Week 3 was about color and color mixing. The assignment was to reproduce the colors of 4 objects and use them in a painting. It was also about pushing your boundaries, doing stuff you've never tried, so I used flat colors (and discovered they are hard to achieve!) and made a point of using objects as my subject matter, which I never do, but oh well, the objects decided to reunite in a character, what can I do...
13.2.11
if: sweater
get your paint on, week 2
Second assignment was to get inspired by an element of a painting I chose this Jesse Reno painting (or should I say paintings?) and here's what I did:
get your paint on, week 1
Get your paint on is an e-course I'm taking. It is taught by Lisa Congdon and Mati Mcdonough. The first week assignment was to create a painting inspired by the amazing quilters of Gees Bend. Here's what I did:
23.11.10
17.11.10
if: burning
10.11.10
if: afterwards
2.11.10
if: spent
Mexico City sits on a valley and depends on another state for its water supply. Hundreds of thousands of its (20 million) inhabitants suffer from the lack of water. A sad irony, for a city originally built literally on water and that continues to flood every single summer. I don't live there anymore. Still, the too-often-ignored anguish of it came to my mind with the the IF word for this week.
And in honor of their well spent lives, here are T's grandparents and mine, in our Dia de los Muertos altar:
The table you see is the new life of the well my parents built in 1990 when we moved from dry Mexico City to crazy-humid Xalapa. (Having to pull the water from a well makes you care about water, maybe that's really where my drawing comes from!)
26.10.10
25.10.10
chopping
20.10.10
if: spooky
Haven't posted in weeks because I was traveling, then moving.
T and I now live here:
Cute little house, isn't it? And just a few yards from the house where I grew up, where my mom lives and where I will have a studio... in my childhood room!
I left this green world when I was 14 and only lived in big cities for the next 12 years. I find the deep darkness of the nights (and the bird's songs and noises at dawn) quite surprising.
Still, it feels kind of like home.
6.9.10
if: dessert

Made this on the move, with solid watercolors because it's the only thing you can take on the plane! I am now in Wahington DC.
On our last day in Madison we visited the amazing arboretum and then ate ice-crem at the University, because -of course!- they have their own dairy store!
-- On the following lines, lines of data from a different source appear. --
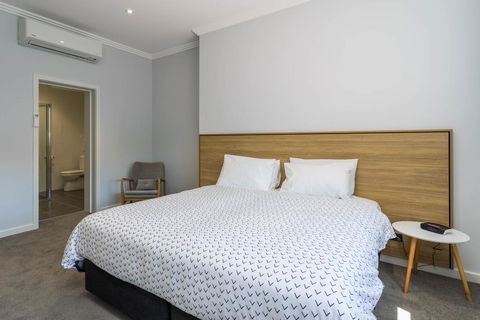 Civic Apartments - Internet Find 2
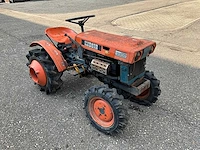 Kubota b6000 4wd minitractor - afbeelding 17 van  19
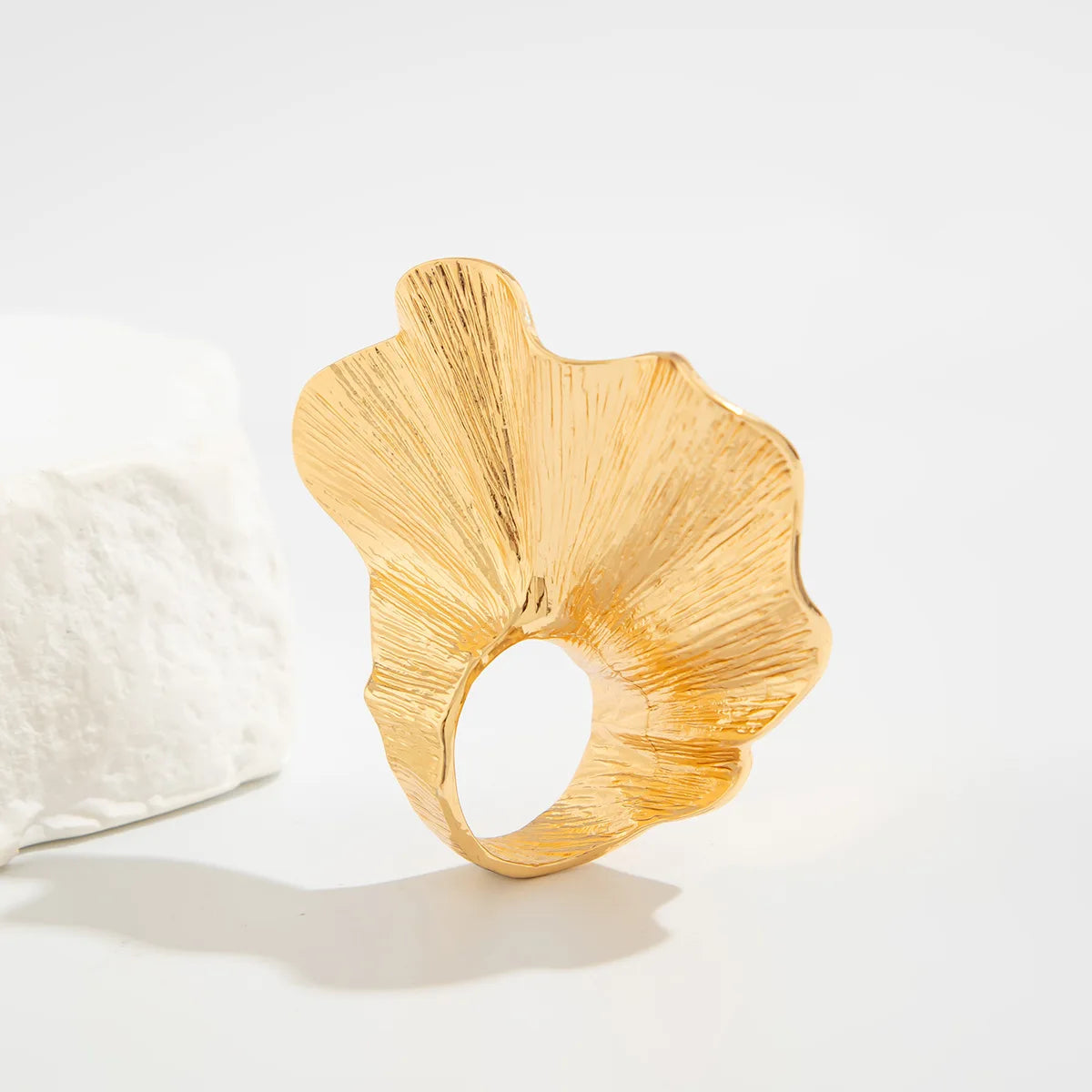 Ginkgo Leaf Ring – Classic Metal Finger Ring With 14k Gold Plating For Women & Men - ZOOMNSTORE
That's Wiscosin for you!
We will miss you, Madison!
31.8.10
if: immovable

Acrylics. Part of a color-series I've been working on for months. Each painting has a different color background and represents a different passage of a children's novel I've been working on too.
Colors have forever interested me as a theme. For a year I held a column in a magazine about them. And once I had a grant to write a novel where the cochinillla (the insect that produces red dye) was the main character. Sometimes I think my color book is something I will write when I'm 80 and in the first page I'll write: I have been preparing for this my whole life.
But in the meantime: I would love to know what do you think about this painting.
And also, if colors interest you too, I do recommend this amazing book.
25.8.10
if: atmosphere

I'm back from a beautiful vacation in North Carolina.
Only bad moment was during a hike in the Smokey Mountains when I almost stepped on a rattlesnake.
It was my fault.
(It's generally the human's fault, isn't it?)
I was dreaming (and dreading, but mostly dreaming) of seeing a bear, and looking around instead of at the ground.
When I heard the rattle noise (not that I knew what it was) and turned down, the snake was a foot distance from my foot. And it was a lot bigger than my foot. It was green. I can't really describe it much more because all I saw was its neck, all stiff and it´s open mouth. I froze. Then I jumped. It all happened quickly but it seemed long. My legs trembled for almost the rest of the walk.
Later, when we crossed a ranger and he told us rattlesnakes bites are not necessarily fatal (sometimes you only loose the leg...) I became kind of mystical about the incident. I take it as a metaphor, that I almost lost my leg (or died) because I was wishing for imaginary bears instead of looking at what was on my path, right in front of me. I take it as a suggestion to advance more mindfully.
Later that day I read that Cherokee people, who lived in those mountains, healed rattlesnake bites with plants and roots. And that they would use the exact same remedy on people who'd been bitten than on people who'd only dreamed of being bitten.
Atmosphere, such an external word... But aren't atmospheres made of perception? Aren't dreams full of them?
The day after, a local told me that if a rattlesnake looks you in the eye but does not bite you, it´s good luck. And so I choose to believe him!